On vient aussi créer de la valeur par cette activité artisanale en centre-ville. Mais on est vraiment dans une démarche pérenne : on paye un loyer, au prix du marché, puisque le but est de pérenniser notre installation. La seule façon de le faire est d'être au juste prix de l'immobilier. On doit d'ailleurs expliquer le concept à nos résidents  : « On vous permet d'être en centre-ville et vous vous le permettez aussi, ce n’est pas dans un seul sens, mais il faut changer sa façon de travailler ». C'est-à-dire qu'aujourd'hui, ce n'est plus possible d'être artisan et de se dire qu'on va garder la moindre chute de matière au cas où on pourrait l'utiliser sur un autre chantier. Ou alors, on a son hangar à la campagne, on stocke tout dedans, et puis on fait un grenier. Avec ICI Nantes, notre travail est de sensibiliser les résidents en proposant de mettre à disposition d'autres artisans ces rebuts de matériaux, les surplus, les ratés... C'est le premier niveau de ce qu'on appelle la Chutotech. Très vite, des gens se rendent compte que l'ébéniste est très content de trouver des bouts de profil en métal pour son chantier, plutôt que d'acheter une barre de 6 mètres. A côté, le serrurier est très content d'avoir des panneaux de bois pour faire des cales pour pouvoir poser ses barrières. C'est ce qui permet d'avoir un échange très simple et très fluide.

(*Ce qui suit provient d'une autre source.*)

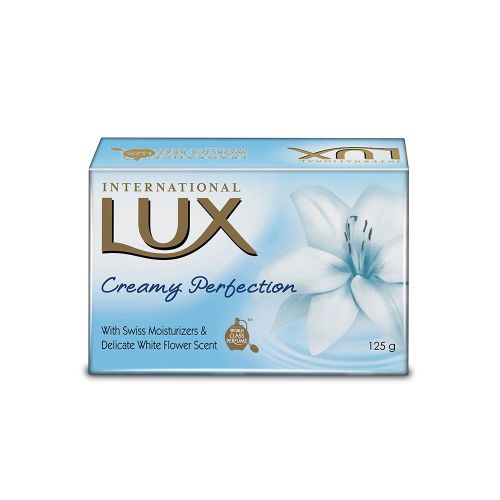 LUX International Creamy White Soap Bar 100gm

Le déchet de l'un devient donc la matière première de l'autre ?

Exactement, c'est le niveau 1. Le niveau 2, c'est de dire qu'il y a des activités à impact social autour de nous, qui ont besoin de matière pour leur activité. On a accompagné l'Utile Atelier qui est un projet d'ateliers de réparation, destinés aux habitants du quartier Bottière à Nantes. On va mettre prioritairement à disposition d'associations ayant un impact les ressources qui n'ont pas été utilisées par les résidents dans les deux mois . On accompagne les associations pour qu'ils puissent prendre ce dont ils ont besoin pour bosser.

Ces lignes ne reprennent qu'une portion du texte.